Entretien par Laëtitia Toinen

(Librairie Mots et Images, Guingamp)

Avant d’être reconnu internationalement, John Lennon a bien sûr été enfant ! Emmanuel Bourdier le raconte aux jeunes (et aux moins jeunes !) avec cette « photographie littéraire » prise lors de sa onzième année. Nul besoin d’être bon lecteur ou mélomane pour dévorer cette biographie romancée.

Est-ce la vie de John Lennon enfant qui vous a inspiré ce beau roman ou votre cœur d'enfant qui a eu envie de vivre une aventure littéraire avec lui ?

Emmanuel Bourdier - Mon cœur d’enfant guide l’écriture de chacun de mes ouvrages depuis le départ et c’est un guide de confiance, mais c’est surtout ma passion de toujours pour les Beatles qui a trouvé ici son aboutissement. Je tournais autour depuis longtemps, mais jamais avant John, mes deux passions, la musique et l’écriture, n’avaient fusionné à ce point. Et je crois que le déclic est venu des regards adolescents, à la fois fraternels et douloureux, échangés par Lennon et McCartney dans le film Get back de Peter Jackson. Là, au sommet de leur gloire, les Beatles redevenaient ces deux gosses de Liverpool, blessés, complices et vivants.

 

Pourquoi avoir choisi de ne pas faire une biographie linéaire et classique, mais plutôt de nous embarquer avec John dans sa onzième année ?

E. B. – Jacques Brel disait qu’à 16 ans, un homme a eu tous ses rêves et qu’il passe ensuite sa vie à les réaliser. Je ne sais pas si c’est une règle absolue, mais je pense que l’enfance de John Lennon, avec ses émerveillements et ses cicatrices, ses rêves et ses cauchemars, a été fondatrice. Elle a fait de lui cet homme complexe, drôle et torturé, génial et violent, aimant et abandonné. Les jeunes lecteurs pourront peut-être se reconnaître dans cet âge des possibles parfois semés d’embûches. Les amoureux de musique y apprendront peut-être des choses sur le passé de John. Et les vrais puristes des Beatles s’amuseront à dénicher les clins d’œil, les citations, les vérités et les petits arrangements fictionnels.

 

Quelle est la part de fiction et de réalité dans cette histoire ? Comment et jusqu'où vous êtes-vous documenté sur le sujet ?

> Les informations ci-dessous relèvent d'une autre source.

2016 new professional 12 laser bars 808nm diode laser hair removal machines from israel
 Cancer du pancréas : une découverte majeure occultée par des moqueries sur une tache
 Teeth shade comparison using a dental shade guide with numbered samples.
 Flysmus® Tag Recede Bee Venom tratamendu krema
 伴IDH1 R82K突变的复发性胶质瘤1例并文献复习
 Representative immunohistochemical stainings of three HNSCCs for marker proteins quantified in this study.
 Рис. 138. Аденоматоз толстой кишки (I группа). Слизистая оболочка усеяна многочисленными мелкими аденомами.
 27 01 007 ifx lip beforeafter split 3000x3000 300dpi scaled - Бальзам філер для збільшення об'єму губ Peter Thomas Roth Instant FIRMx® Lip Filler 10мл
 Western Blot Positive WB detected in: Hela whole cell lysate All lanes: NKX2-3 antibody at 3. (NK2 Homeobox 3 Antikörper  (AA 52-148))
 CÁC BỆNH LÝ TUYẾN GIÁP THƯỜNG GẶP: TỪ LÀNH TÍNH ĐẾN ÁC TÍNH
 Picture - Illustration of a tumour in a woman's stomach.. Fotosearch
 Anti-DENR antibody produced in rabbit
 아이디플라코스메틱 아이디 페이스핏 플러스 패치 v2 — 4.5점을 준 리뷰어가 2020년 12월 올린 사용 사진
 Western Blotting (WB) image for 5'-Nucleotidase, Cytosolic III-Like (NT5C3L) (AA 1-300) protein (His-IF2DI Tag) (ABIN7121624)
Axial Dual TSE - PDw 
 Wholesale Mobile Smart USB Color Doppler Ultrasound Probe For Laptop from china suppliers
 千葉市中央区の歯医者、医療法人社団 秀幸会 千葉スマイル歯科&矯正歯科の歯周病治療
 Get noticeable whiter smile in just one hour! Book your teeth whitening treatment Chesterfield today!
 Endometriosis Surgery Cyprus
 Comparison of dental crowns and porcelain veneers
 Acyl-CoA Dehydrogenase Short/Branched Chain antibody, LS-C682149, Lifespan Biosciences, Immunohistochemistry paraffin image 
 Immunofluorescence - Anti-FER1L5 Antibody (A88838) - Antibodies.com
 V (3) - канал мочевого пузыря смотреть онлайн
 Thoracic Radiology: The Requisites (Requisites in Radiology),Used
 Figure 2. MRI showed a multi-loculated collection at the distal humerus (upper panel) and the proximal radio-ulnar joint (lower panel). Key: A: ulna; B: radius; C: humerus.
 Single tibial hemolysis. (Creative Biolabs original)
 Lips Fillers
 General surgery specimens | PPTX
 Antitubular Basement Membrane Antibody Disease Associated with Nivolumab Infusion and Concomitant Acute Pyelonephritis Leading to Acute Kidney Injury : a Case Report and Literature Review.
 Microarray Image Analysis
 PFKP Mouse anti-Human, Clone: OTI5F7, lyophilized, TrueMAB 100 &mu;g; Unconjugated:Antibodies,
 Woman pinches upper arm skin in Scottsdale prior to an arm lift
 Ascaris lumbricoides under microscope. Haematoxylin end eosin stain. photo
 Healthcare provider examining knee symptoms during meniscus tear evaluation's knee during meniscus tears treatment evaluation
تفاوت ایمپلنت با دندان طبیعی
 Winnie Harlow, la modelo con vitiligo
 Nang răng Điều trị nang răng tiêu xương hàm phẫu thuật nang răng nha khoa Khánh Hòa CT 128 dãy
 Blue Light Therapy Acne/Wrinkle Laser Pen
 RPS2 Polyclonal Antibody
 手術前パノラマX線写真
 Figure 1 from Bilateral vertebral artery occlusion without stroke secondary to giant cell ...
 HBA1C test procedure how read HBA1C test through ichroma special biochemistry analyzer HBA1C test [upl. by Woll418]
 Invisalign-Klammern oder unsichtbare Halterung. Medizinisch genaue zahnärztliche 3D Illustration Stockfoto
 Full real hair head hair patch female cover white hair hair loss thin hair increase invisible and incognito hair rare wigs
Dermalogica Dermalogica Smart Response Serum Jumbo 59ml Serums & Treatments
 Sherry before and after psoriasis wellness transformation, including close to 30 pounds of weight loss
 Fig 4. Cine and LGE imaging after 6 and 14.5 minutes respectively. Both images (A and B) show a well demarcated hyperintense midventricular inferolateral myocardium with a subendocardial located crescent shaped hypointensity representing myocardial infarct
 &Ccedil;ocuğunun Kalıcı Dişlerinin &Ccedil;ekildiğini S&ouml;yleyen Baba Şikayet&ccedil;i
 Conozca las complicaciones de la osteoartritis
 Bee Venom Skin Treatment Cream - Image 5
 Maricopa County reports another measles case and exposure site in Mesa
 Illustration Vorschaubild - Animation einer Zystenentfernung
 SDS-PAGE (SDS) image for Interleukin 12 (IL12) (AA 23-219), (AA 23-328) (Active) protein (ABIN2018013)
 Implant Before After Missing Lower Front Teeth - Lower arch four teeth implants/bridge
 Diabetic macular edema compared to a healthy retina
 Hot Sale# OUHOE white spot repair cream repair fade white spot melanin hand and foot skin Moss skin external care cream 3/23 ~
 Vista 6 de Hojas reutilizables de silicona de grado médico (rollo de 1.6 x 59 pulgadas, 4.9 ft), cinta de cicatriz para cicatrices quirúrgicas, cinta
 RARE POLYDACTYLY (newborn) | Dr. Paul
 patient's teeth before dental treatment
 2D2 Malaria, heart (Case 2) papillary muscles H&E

E. B. – La plupart des faits, en particulier les plus marquants, sont rigoureusement exacts. Certaines phrases ont vraiment été prononcées. Et puis il y a les inventions, la littérature, ma part de « je » dans ce jeu-là. Pour préparer le roman, il y a eu deux phases de recherches. La première a duré une quinzaine de jours et m’a dévoré jour et nuit. Je suis même allé jusqu’à vérifier la vraie couleur des fauteuils de la tante Mimi et la nature exacte du cadre au mur de la maison d’enfance de John. Et puis il y a la phase, plus inconsciente, qui dure depuis mon adolescence et qui découle de tout ce que j’ai lu ou vu sur les Beatles. Je me suis ensuite amusé à entremêler le vrai et le plausible, la réalité et l’invention pure. L’écriture, très rapide, d’un jet, s’est faite dans un perpétuel mouvement de balancier qui m’emmenait de l’euphorie au sentiment d’imposture. Grisant, émouvant et parfois troublant.

 

Avez-vous pour habitude de travailler et chercher l'inspiration en musique ? Et particulièrement pour ce roman ?

E. B. – Il peut se passer des mois sans que je n’écrive une ligne, mais une journée sans musique est inenvisageable. Alors oui, j’écris en musique et, bien sûr, particulièrement pour ce roman-là.

 

À la fin du livre, vous proposez la « bande originale de John » ainsi qu’un QR code pour écouter les titres évoqués tout au long de la lecture. Comment avez-vous fait votre choix ? Pourquoi ces titres ?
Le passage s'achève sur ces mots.